The funniest part was my little helper, Scary Baby. Julian would wait until I had already scared the Living Shit out of the T-or-Ters, then when I put down my chainsaw and came back to offer the candy, he would rush to the doorway and yell "YAAAAHHHHHH!" at the top of his baby voice. Sooooo freakin' funny.
Between the scared screaming kids at the door with their O-mouths, and Julian's Scary Baby routine, the whole evening was one big laugh fest. Oh, and we watched the South Park and Simpsons' Halloween episodes, which were also funny.
So now I have to bitch a little. WHERE were the good costumes? I saw NONE. Seriously, not a single costume was memorable. Most of the kids had on some plastic $2.99 crap under a coat. There was a Star Wars guy with a light saber who was decent, and a kid in a full-head monster mask at the end, but otherwise...yawn.
And the girls sucked worse than anyone, because every SINGLE last one of them was some kind of Princess/Harem Girl, and they all were just trying to be sexy/pretty instead of scary or creepy. There wasn't even a single Vampira type, except for me. No one even looked Goth, for crying out loud!
So bah humbug on that. Girls, you have the next forty years at least to look sexy, but only once a year do you get to be as scary as you want to be. Are girls afraid to be scary now?
As for the Princess thing, get over it. Ain't ever gonna happen, so might as well let you down easy right now. No Prince Charming is going to come and sweep you off your feet to live happily ever after. Get a good education, learn how to be comfortable in your own skin, treat others with respect and compassion, and forget that fairy-tale crap.
Brings to mind one memorable Halloween long ago...my best friend Angela, then-boyfriend Andrew and I went to get last-minute costumes at a rental place. All they had left were a Frog, a Pumpkin and Big Bird.
We dressed up, Angela as Frog, Andrew as Big Bird, and Me as Pumpkin. Then we went to a party. (Did I mention that we were in our mid-20's at the time?)

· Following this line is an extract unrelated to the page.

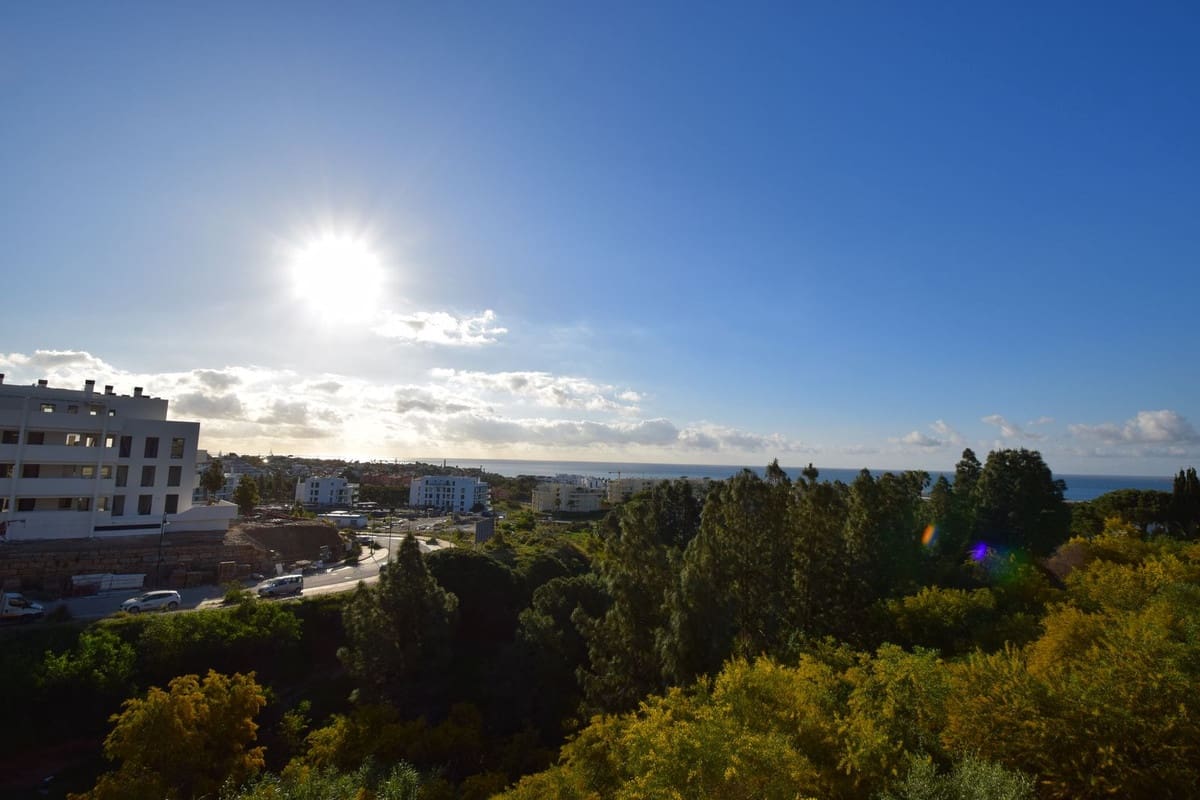 3 bedroom Townhouse for sale in Mijas Costa with pool - € 449,000 (Ref: 9734120)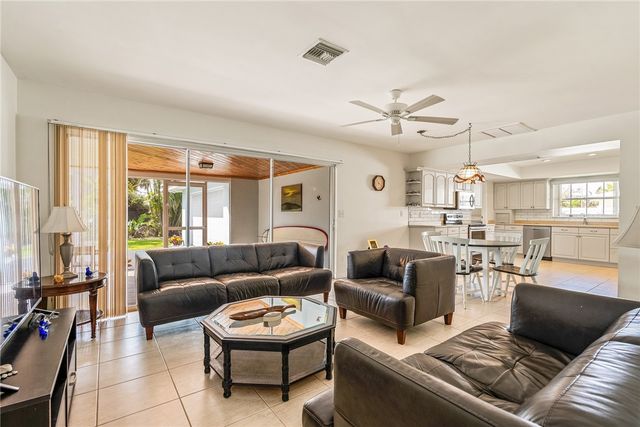 618 Conn Way, Vero Beach, FL 32963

Well, at the party every single chick was dressed Sexy. There were harem girls, Mata Hari spies, princesses, vamps, vampire... sexy, sexy, sexy.
And there we sat in our round, fuzzy, primary-colored costumes, ostracized by everyone. I mean, NOTHING is less sexy than a pumpkin. I could barely sit down, due to my orange roundness.
Oh, and someone slipped us some *speed* too, which is the Devil's Own Stuff, so we sat there relentlessly grinding our teeth, tremendously anxious, paranoid and freaked out. Angela and I clung to our fuzzy comforting Big Bird consort (Andrew felt OK, whereas AJ and I felt like we had just taken 12 consecutive doses of No-DOZ). Not good. Not good at all.
I don't even remember what happened in the end. I think we went home early as soon as our collective uber-anxiety allowed us to leave the safety of Big Bird's feathery embrace. Speed kills, people. Ugh, I can't believe people ever do that stuff on *purpose*. Horrible.
I guess that doesn't exactly reinforce my previous message of dressing scary instead of sexy, but whatever. My real point is that we all had a good Halloween last night, in spite of being ultra-low-tech and basically unprepared until 30 minutes or so before it got dark.
Julian didn't even have a costume, and he still had fun. You GO Scary Baby! (By the way, yes he DID have pants on during the evening. We had just taken him potty before snapping this photo, and didn't really have our acts together to put his pants back on before our photo op. Ooops.)